PD Dr. Fabian Czolbe
Dr. Fabian Czolbe (*1981) ist habilitierter Musikwissenschaftler mit Forschungsschwerpunkten in der Musik und dem Musiktheater des 20./21. Jahrhunderts, der elektronischen Musik, der Klangkunst/Klangperformance, der Musikästhetik, der Notation sowie kompositorischen Schreib- und Schaffensprozessen in der Musik. Als Dramaturg wirkte er an Musiktheaterprojekten mit, schreibt für Musikmagazine und entwickelt für die akademische Lehre und Museen multimediale Vermittlungskonzepte.
Nadine Schwalb
Nadine Schwalb studierte zunächst Germanistik und BWL in Mannheim und Schweden, später Philosophie und schloss schließlich ihren Master in Kultur- und Medienmanagement an der Hochschule für Musik und Theater in Hamburg ab. Sie ist kreativer Kopf und Mitbegründerin des feel.jazz Festivals, das einmal jährlich in Hamburg stattfindet. Freiberuflich leitete in den letzten Jahren diverse Produktionen, darunter das Chopin Festival Hamburg und den Gerhard Trede-Preis für Arrangement und Komposition und war in verschiedenen Funktionen haupt- und ehrenamtlich für den Verein Gängeviertel e.V. tätig. Sie versteht sich als Ermöglicherin, neben etablierten auch subversiven und experimentellen Kunst- und Kulturformen eine Bühne zu bieten. Seit April 2024 leitet sie die Agentur für gesellschaftliche Teilhabe und Vermittlung des ligeti zentrums und hat es sich zur Aufgabe gemacht, mit niedrigschwelligen Formaten einen Zugang zu den dort angesiedelten vielseitigen Projekten zu ermöglichen.
Ein Institut für
Computermusik in Hamburg
Ausschlaggebender Impuls für Ligetis Bestrebungen war ein Besuch der US-amerikanischen Stanford University im Jahr 1972. Als Composer in Residence lernte er hier nicht nur den Komponisten John Chowning kennen, sondern auch das Stanford Artificial Intelligence Laboratory (SAIL), eins der damals führenden Computerzentren. Leland Smith, John Chowning und andere zeigten György Ligeti die Möglichkeiten digitaler Klangerzeugung und der Verräumlichung von Computermusik. Die institutionellen Strukturen des Stanforder Computer Music Labs wollte er anschließend für ein ähnliches Institut mit nach Hamburg bringen.

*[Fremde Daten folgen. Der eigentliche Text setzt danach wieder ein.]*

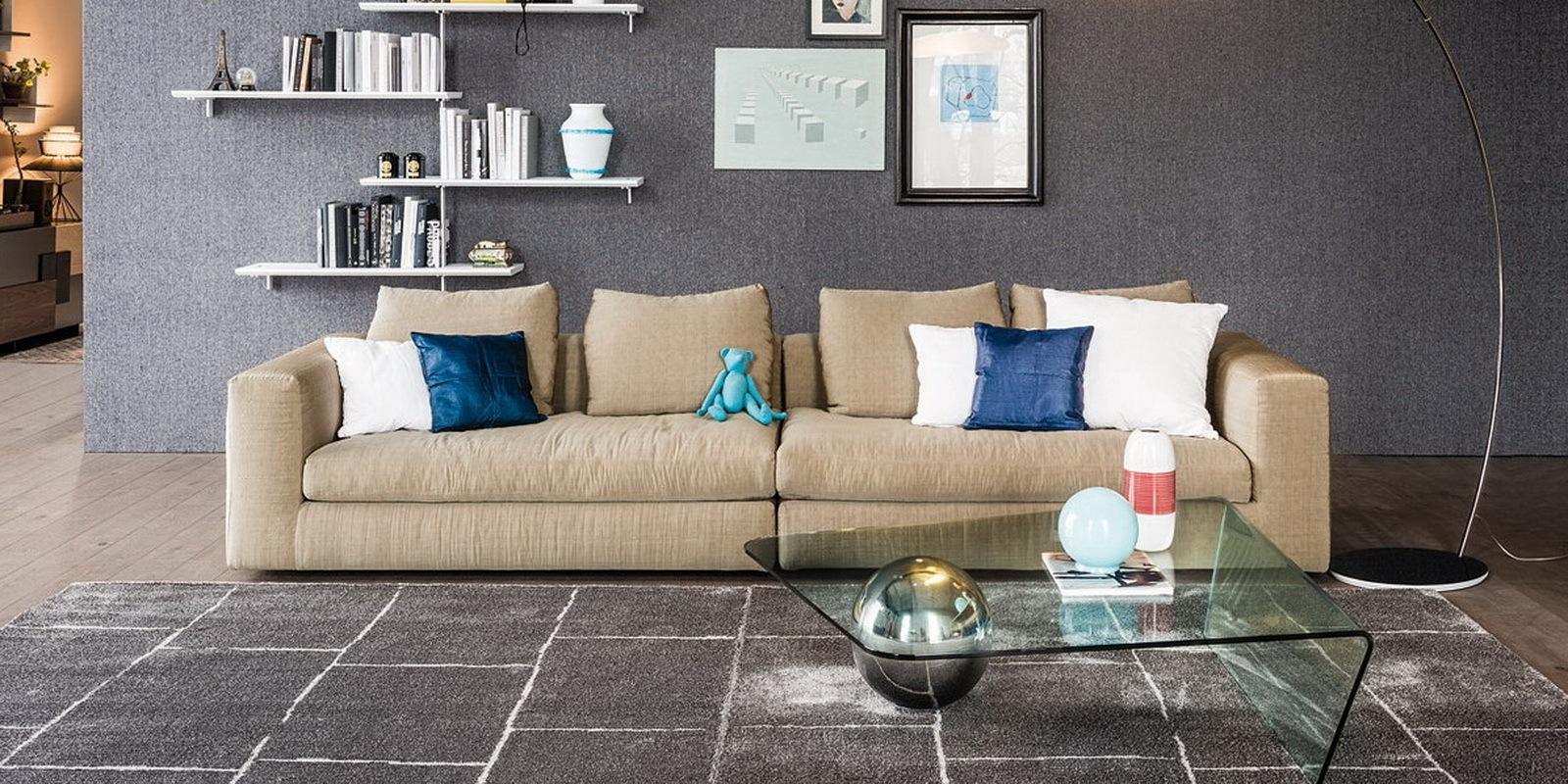 GLOBE Rectangular glass coffee table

Während diese Vision eines interdisziplinären Instituts für Kunst und Forschung zu Lebzeiten György Ligetis unrealisiert blieb, knüpft das 2023 eröffnete ligeti zentrum an diese Gedanken an – und widmet sich zugleich den Fragestellungen und Herausforderungen der Gegenwart. Die über 50 Jahre zurückreichende Ideengeschichte des ligeti zentrums, die konkreten Bemühungen György Ligetis und Werner Krützfeldts sowie die Gründe für die einst gescheiterten Pläne werden nun erstmals aufgearbeitet und zugänglich gemacht.

Aus dem Archiv
zurück in den Diskurs
Wie hätte das von György Ligeti und Werner Krützfeldt angestrebte Institut für Computermusik ausgesehen? Wie gingen die beiden Musiker vor? Wer waren ihre Verbündeten? Wie dachten die Menschen in den 1970er-Jahren über die Potentiale und Risiken des Computers? Und warum scheiterten die Pläne schlussendlich?

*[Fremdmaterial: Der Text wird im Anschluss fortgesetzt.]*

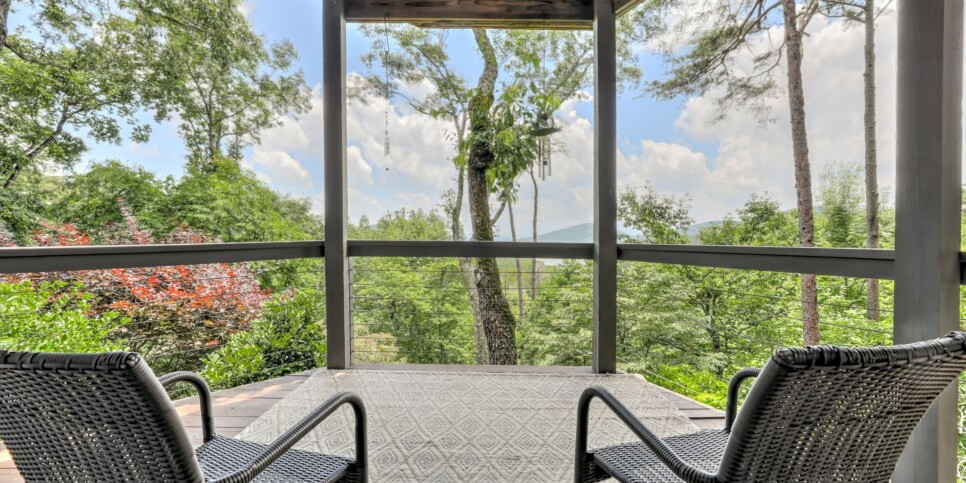 Big Canoe - Falken Haus - Exterior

Ausgangsimpuls für die musikhistorische Betrachtung des angestrebten Instituts für Computermusik und Forschung bot unter anderem ein Organigramm György Ligetis, das sich im Archiv der Paul Sacher Stiftung in Basel befindet. Bestehend aus vier aneinandergeklebten, mit Schreibmaschine beschriebenen und handschriftlich ergänzten Blättern, zeigt das Dokument des Komponisten, welche Personen oder Personenkreise innerhalb und außerhalb der Hochschulen für das Projekt mit einzubeziehen waren. Darüber hinaus fanden sich im Nachlass György Ligeti eine Vielzahl von Quellen. Neben Texten zu unterschiedlichen Technologien, zur Ästhetik, zur praktischen Anwendung oder zu gesellschaftspolitischen Diskursen erweitern dieses Feld auch persönliche Briefe und Notizen György Ligetis. All diese verschiedenen Dokumente zeigen eindrücklich, welch facettenreicher Denkraum sich um diese Institutsidee in der Person György Ligeti nachzeichnen lässt.